Éditorial de Mgr Laurent Percerou
Nous nous rassemblons le mercredi des Cendres pour entrer en carême. Nos fronts sont alors marqués de cendres et le Seigneur nous interpelle : « Convertissez-vous et croyez à la Bonne Nouvelle. » Nous voilà donc embarqués vers Pâques pour, pendant 40 jours, changer nos cœurs et entrer à frais nouveaux dans la dynamique de l’Alliance.
Les cendres sont le reste d’un bois qui, en brûlant, a donné chaleur et lumière. Ce bois, avant de se consumer, a eu toute une histoire : de la germination à la floraison, de saison en saison jusqu’au passage par le feu. Le Christ a été cet Arbre de vie dont l’histoire au milieu des hommes a été traversée par une seule et même sève, celle de l’Esprit Saint qui l’a poussé à témoigner de l’amour de son Père et à appeler sans cesse à la conversion des cœurs. On a voulu le réduire en cendres, comme on brûle un arbre qui fait obstacle à la volonté des hommes… Ces cendres reçues sur le front sont alors les cendres de cet Arbre de vie brûlé pour répandre la vie de Dieu comme un feu…

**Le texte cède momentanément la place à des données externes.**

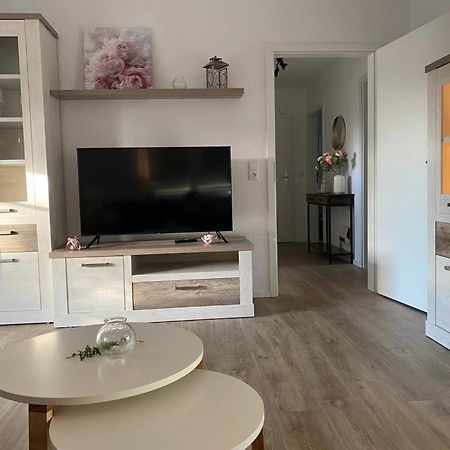 Fewo Nelly Marie Wohnung Marie Hademstorf Eksteriør billede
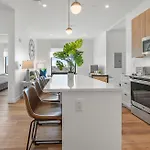 Luxury Furnished Near Logan Airport Apartment Boston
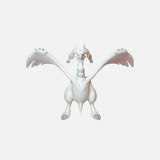 Reshiram Statue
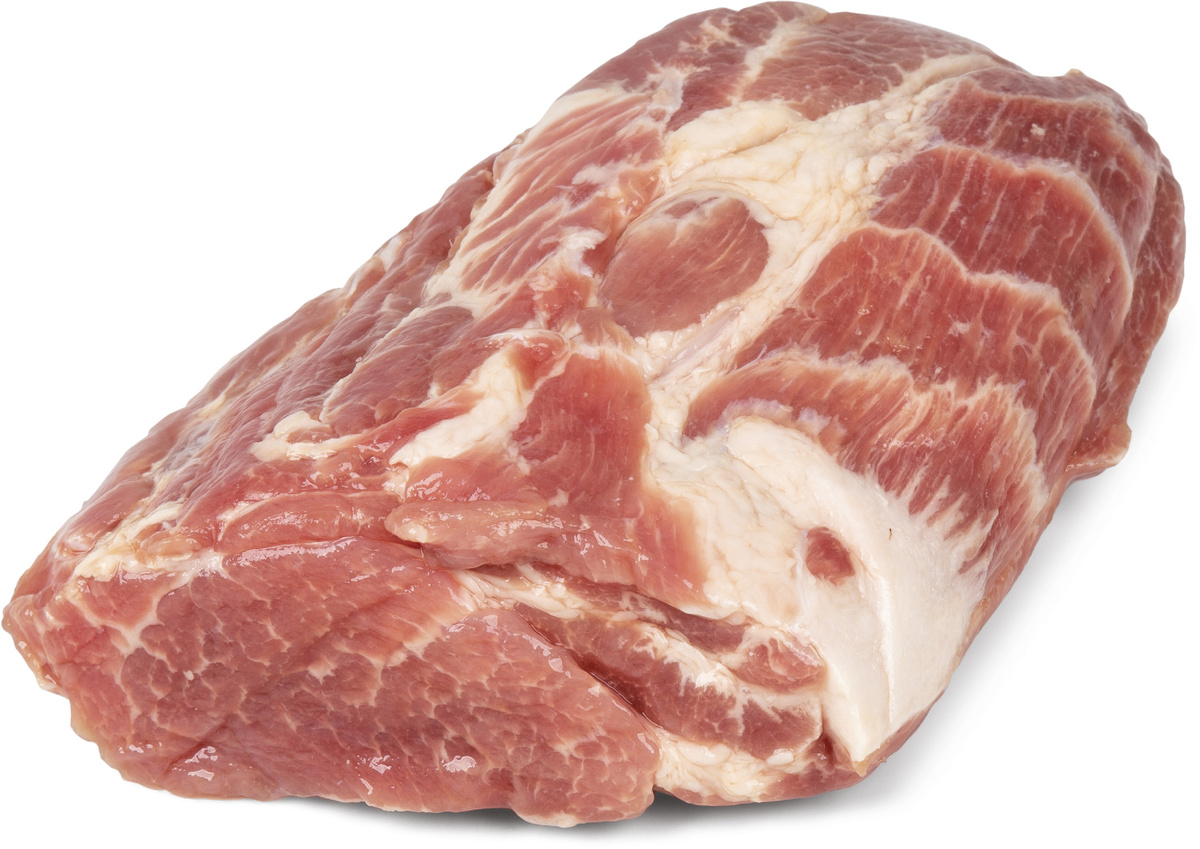 Vepřová krkovice bez kosti kuch. úprava ochranná atmos. chlaz. cca 500 g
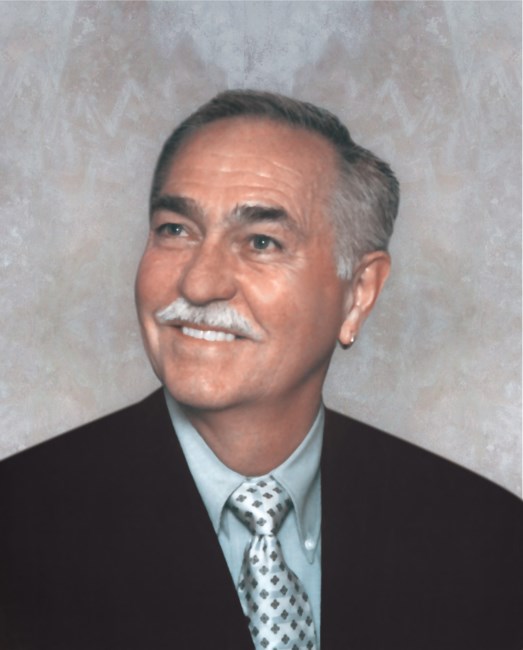 Obituary of Russell Marlin Benefield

Alors, recevoir les cendres, c’est être appelé à brûler du feu de la charité. Ne désigne-t-on pas les couples et les familles par le joli nom de « foyers » ? Et qu’est-ce qu’un foyer sinon l’endroit où l’on fait du feu et autour duquel on se rassemble. Je pense à vous, les parents, les grands-parents, les enfants. Que ce carême soit l’occasion de raviver en votre foyer le grand feu de l’amour de Dieu. Mais le foyer, c’est aussi notre paroisse et tous ces lieux où nous vivons et qui doivent briller du grand feu de l’amour de Dieu pour rassembler tous ceux qui ont froid, qui sont seuls, qui ont besoin d’amitié. Saurons-nous allumer ce feu de la charité durant le carême ?
Appelé à brûler du feu de la charité… « Il y a plus de joie à donner qu’à recevoir ». Comment ne pas donner quand on a tellement reçu des autres ? Quand on a tant reçu de Dieu ? Le carême est le temps du don : don pour Dieu, don pour les frères.
Que pouvons-nous donner à Dieu ? Nous pouvons lui donner du temps, notre temps, pour durer devant lui et nous exposer à la chaleur de son feu, comme Moïse au buisson ardent. Pour nous remettre devant l’alliance d’amour qu’il est venu conclure avec nous. Durant les 40 jours de carême, l’Église nous invite à passer du temps en sa présence et à renouer l’Alliance. La prière nous remet devant ce Dieu, source gratuite de vie, d’amour et de joie. Dans la prière nous recevons de lui sa tendresse et sa fidélité et nous lui demandons la grâce de donner à nos frères.
Que pouvons-nous donner à nos frères ? Nous-mêmes… Le pape François nous le rappelle dans son message pour ce temps de carême 2022 : « Mettons en pratique l’appel à faire le bien envers tous en prenant le temps d’aimer les plus petits et les sans défense, les abandonnés et les méprisés, celui qui est victime de la discrimination et de la marginalisation. » Le carême, c’est alors 40 jours pour voir plus clair dans nos affaires afin de ne pas bâtir notre vie sur des valeurs qui creusent encore un peu plus le fossé qui sépare les riches des pauvres.
Ce choix profond de vivre le partage nous amène à agir sur les causes de la misère, car il faut aussi dénoncer et changer ces « structures de péché » que Jean-Paul II dénonçait en son temps. Que pouvons-nous faire ? Déjà mettre en œuvre chez nous un mode de vie qui favorise le partage et l’éducation à la charité et que nous n’hésitions pas à en témoigner même si cela va parfois à contre-courant.
Oui, « Convertissons-nous et croyons à la Bonne Nouvelle », une conversion personnelle et une conversion communautaire. Que nos vies ne soient pas un morceau de bois mort mais qu’elles se laissent consumer par le feu de la charité du Christ afin de donner la vie. Là est la Bonne Nouvelle de Pâques.